● **WHAT YOU NEED TO DO**
When you give the entries again, keep every word as it stands and drop the pictures.

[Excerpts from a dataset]
# # # # # # #
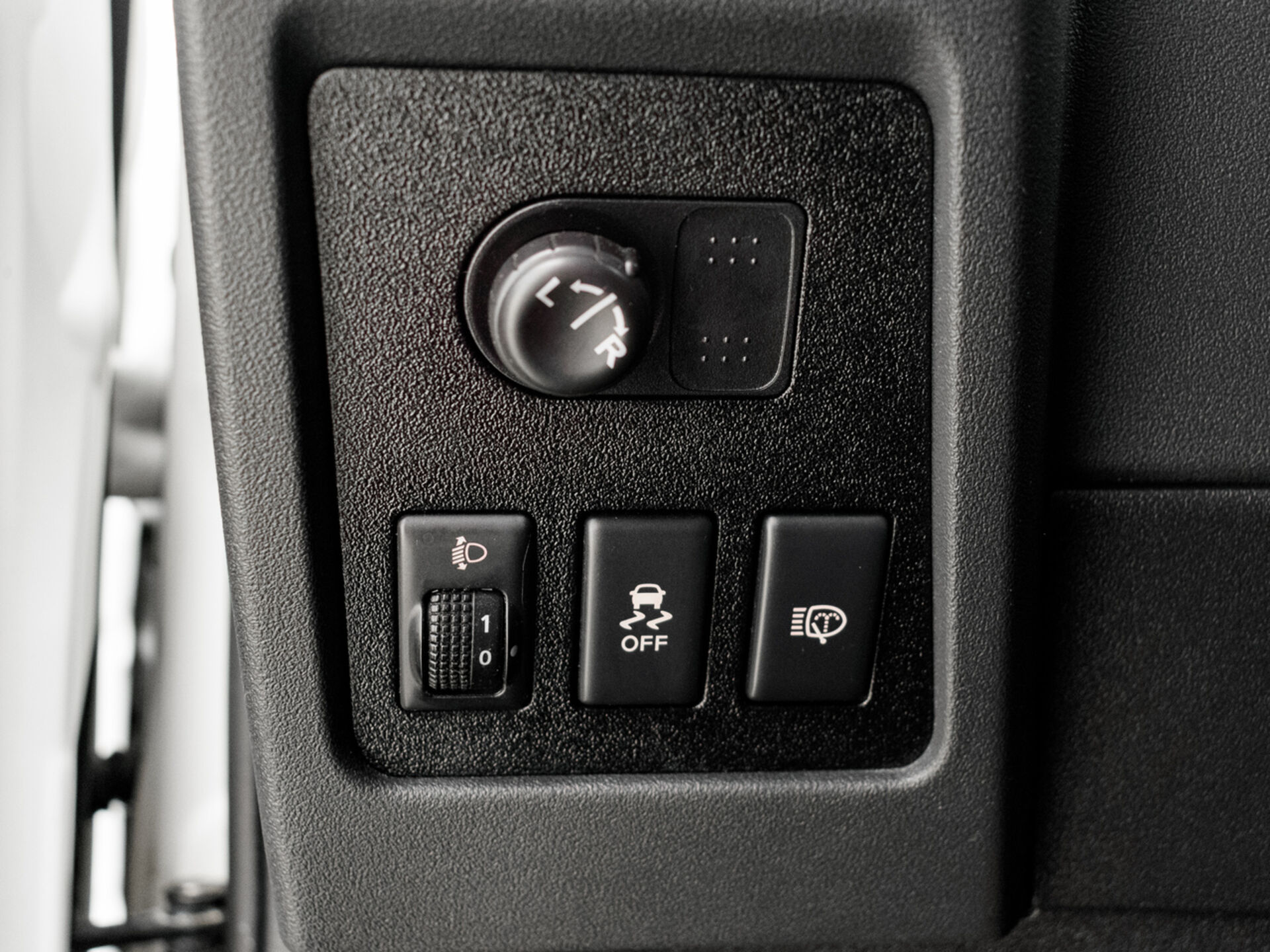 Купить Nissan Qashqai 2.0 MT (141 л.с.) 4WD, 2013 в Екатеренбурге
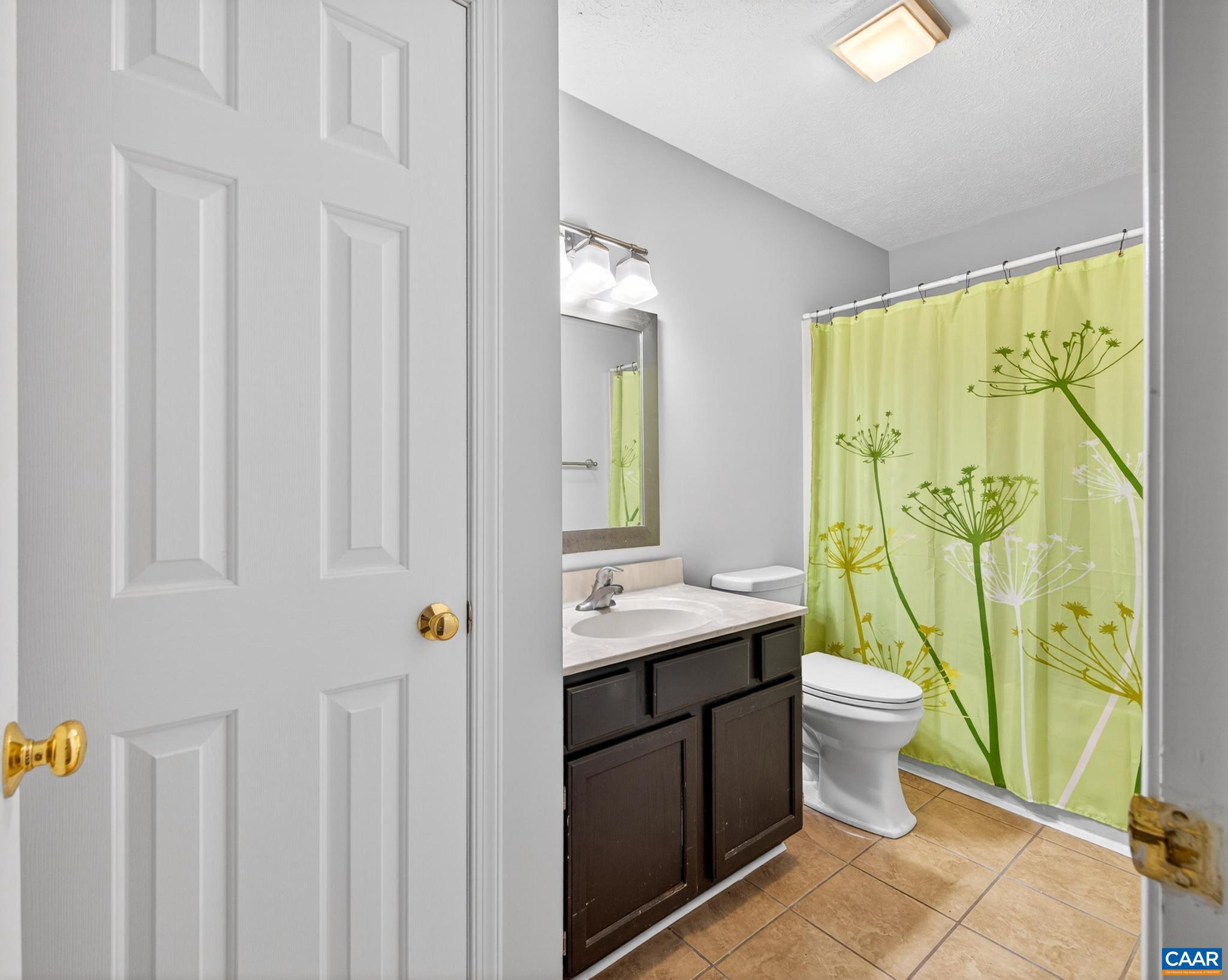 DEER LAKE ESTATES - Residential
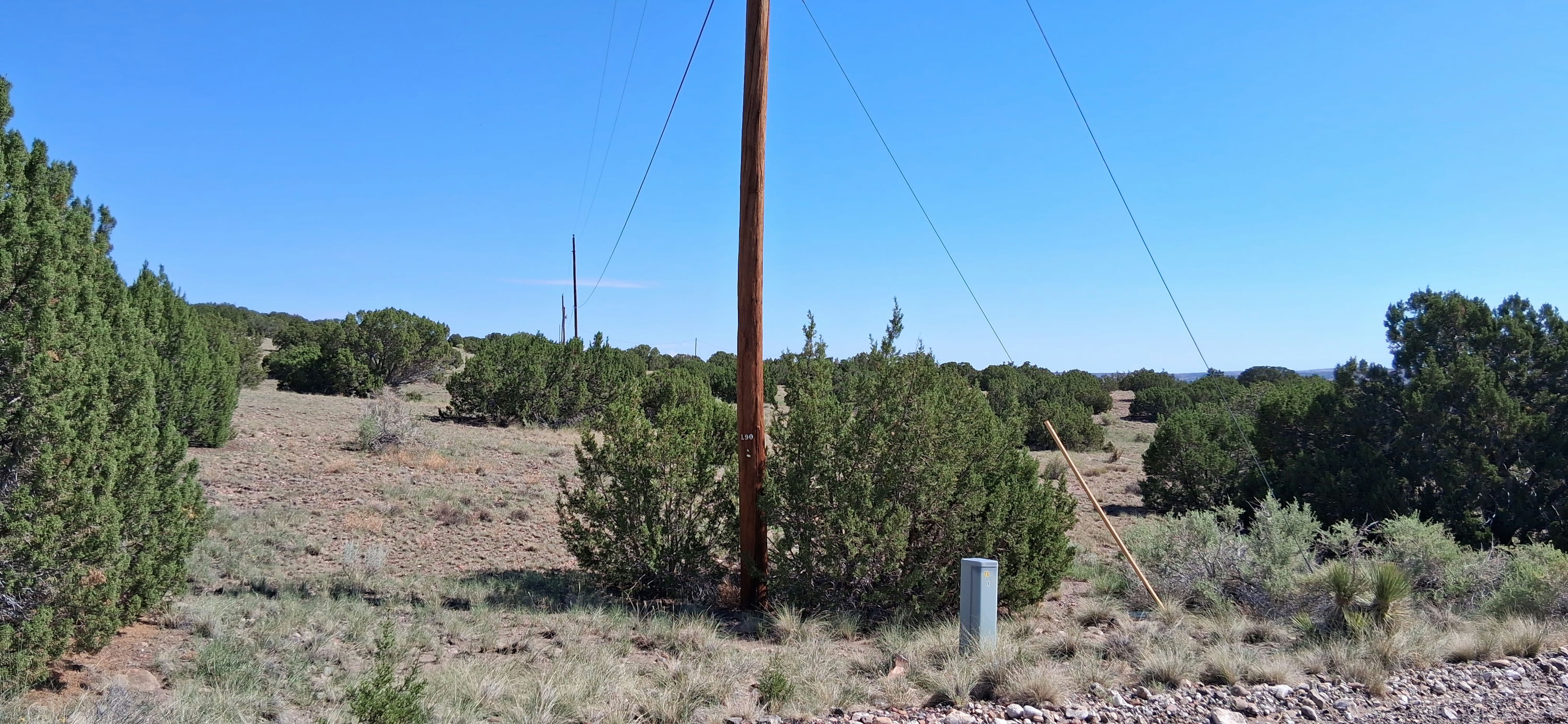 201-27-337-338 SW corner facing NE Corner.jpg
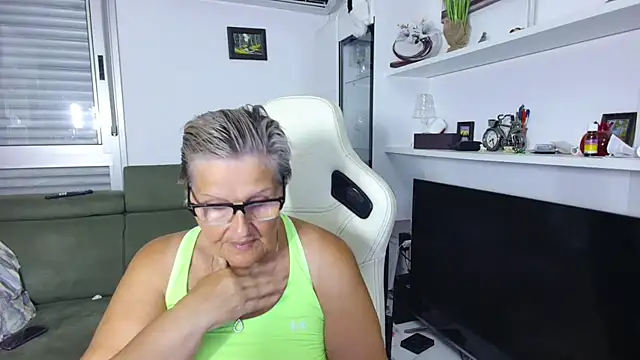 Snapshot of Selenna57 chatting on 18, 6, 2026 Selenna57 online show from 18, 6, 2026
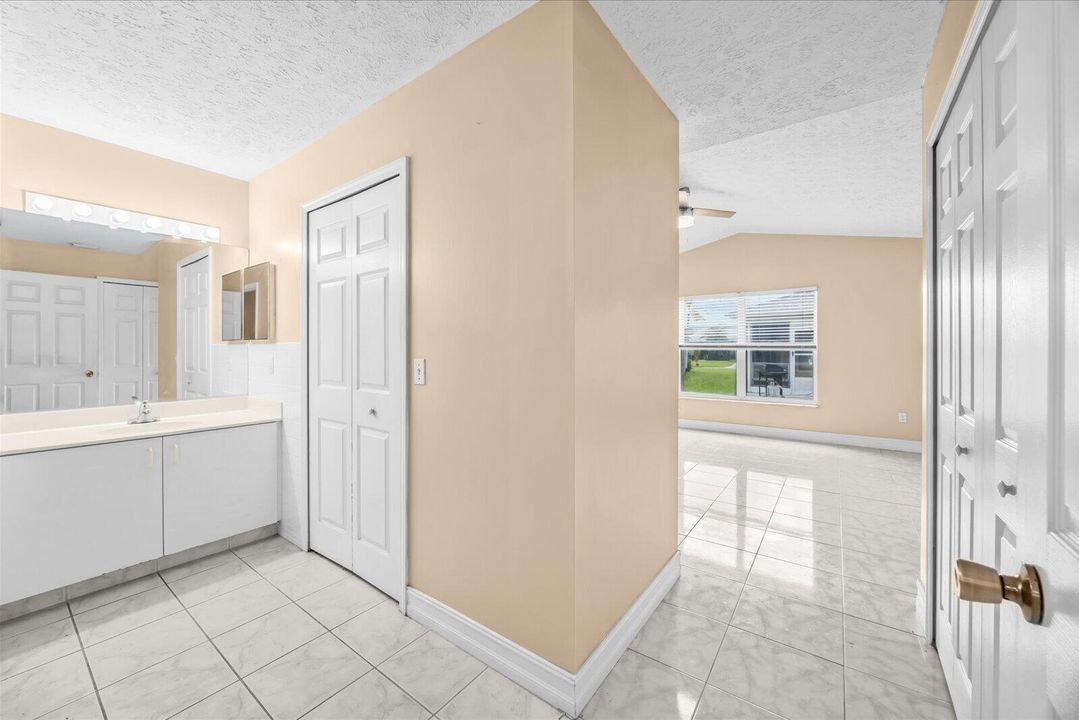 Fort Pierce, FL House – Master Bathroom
# # # # # # #
● **WRITTEN REPLY**
 Купить Nissan Qashqai 2.0 MT (141 л.с.) 4WD, 2013 в Екатеренбурге
 DEER LAKE ESTATES - Residential
 201-27-337-338 SW corner facing NE Corner.jpg
 Snapshot of Selenna57 chatting on 18, 6, 2026 Selenna57 online show from 18, 6, 2026
 Fort Pierce, FL House – Master Bathroom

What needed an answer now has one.